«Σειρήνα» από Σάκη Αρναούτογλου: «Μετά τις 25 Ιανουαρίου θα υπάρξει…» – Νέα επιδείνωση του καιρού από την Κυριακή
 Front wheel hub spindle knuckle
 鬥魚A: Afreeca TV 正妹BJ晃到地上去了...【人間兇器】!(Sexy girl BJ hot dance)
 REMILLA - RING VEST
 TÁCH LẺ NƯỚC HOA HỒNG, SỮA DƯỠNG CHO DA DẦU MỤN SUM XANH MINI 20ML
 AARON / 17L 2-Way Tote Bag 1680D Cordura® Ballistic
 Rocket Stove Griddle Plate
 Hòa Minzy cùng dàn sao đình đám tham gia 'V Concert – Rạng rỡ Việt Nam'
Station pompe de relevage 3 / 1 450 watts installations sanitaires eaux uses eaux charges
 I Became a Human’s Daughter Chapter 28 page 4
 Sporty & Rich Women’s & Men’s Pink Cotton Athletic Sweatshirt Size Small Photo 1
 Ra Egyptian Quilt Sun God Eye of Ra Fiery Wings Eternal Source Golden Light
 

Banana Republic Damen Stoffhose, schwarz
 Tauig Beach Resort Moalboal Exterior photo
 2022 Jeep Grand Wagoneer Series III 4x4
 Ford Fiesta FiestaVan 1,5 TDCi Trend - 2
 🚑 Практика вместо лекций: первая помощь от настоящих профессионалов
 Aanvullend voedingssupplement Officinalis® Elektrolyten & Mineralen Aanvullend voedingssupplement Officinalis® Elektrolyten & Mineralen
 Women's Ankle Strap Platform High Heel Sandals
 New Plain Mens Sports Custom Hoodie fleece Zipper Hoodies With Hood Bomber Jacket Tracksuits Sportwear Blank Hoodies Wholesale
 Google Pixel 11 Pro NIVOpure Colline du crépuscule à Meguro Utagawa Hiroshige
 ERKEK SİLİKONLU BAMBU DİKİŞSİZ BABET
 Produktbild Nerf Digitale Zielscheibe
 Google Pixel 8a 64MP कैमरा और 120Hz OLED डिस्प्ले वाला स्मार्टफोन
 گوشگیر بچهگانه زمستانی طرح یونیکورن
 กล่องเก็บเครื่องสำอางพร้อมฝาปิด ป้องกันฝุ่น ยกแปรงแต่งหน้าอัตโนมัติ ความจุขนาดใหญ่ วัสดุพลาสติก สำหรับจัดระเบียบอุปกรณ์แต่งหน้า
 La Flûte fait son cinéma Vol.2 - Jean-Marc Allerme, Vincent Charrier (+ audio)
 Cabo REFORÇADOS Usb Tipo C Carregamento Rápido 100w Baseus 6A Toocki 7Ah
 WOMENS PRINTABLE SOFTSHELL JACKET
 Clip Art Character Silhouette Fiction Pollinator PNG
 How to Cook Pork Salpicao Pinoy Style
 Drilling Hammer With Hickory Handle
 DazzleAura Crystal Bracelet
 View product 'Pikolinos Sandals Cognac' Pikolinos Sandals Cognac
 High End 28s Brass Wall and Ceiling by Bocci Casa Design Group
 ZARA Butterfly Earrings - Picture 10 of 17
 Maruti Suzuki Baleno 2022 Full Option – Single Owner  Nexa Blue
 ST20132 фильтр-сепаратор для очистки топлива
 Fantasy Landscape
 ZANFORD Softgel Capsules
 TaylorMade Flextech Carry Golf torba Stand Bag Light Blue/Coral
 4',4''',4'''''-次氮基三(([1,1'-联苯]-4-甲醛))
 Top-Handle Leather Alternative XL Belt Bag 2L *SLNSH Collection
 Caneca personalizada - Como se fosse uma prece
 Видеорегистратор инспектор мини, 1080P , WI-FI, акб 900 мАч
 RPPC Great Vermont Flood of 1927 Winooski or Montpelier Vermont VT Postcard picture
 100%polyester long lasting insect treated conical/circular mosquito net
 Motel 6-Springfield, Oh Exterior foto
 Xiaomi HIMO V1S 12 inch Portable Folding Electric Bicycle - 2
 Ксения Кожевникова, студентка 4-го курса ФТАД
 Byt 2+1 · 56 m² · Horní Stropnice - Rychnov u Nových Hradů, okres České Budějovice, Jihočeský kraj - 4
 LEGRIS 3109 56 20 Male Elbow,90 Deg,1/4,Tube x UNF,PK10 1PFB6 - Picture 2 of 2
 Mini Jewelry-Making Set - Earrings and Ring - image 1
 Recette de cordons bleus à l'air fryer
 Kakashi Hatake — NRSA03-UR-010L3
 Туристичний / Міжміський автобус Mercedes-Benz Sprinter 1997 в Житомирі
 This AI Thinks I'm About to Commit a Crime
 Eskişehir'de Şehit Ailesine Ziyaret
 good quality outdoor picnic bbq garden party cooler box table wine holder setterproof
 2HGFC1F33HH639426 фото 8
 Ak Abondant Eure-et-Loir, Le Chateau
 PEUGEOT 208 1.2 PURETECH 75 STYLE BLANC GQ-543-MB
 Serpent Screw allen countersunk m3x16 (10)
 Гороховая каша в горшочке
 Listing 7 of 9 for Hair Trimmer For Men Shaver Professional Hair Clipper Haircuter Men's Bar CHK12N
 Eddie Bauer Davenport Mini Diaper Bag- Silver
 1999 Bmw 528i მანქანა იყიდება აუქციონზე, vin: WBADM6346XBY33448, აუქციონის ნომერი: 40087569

======

**WHAT TO PRODUCE:**
Print every line from the one that contains "Eskişehir'de Şehit Ailesine Ziyaret" to the end of the records, exactly as written, and nothing more.

**RESULT OF THIS EXERCISE:**
 Eskişehir'de Şehit Ailesine Ziyaret
 good quality outdoor picnic bbq garden party cooler box table wine holder setterproof
 2HGFC1F33HH639426 фото 8
 Ak Abondant Eure-et-Loir, Le Chateau
 PEUGEOT 208 1.2 PURETECH 75 STYLE BLANC GQ-543-MB
 Serpent Screw allen countersunk m3x16 (10)
 Гороховая каша в горшочке
 Listing 7 of 9 for Hair Trimmer For Men Shaver Professional Hair Clipper Haircuter Men's Bar CHK12N
 Eddie Bauer Davenport Mini Diaper Bag- Silver
 1999 Bmw 528i მანქანა იყიდება აუქციონზე, vin: WBADM6346XBY33448, აუქციონის ნომერი: 40087569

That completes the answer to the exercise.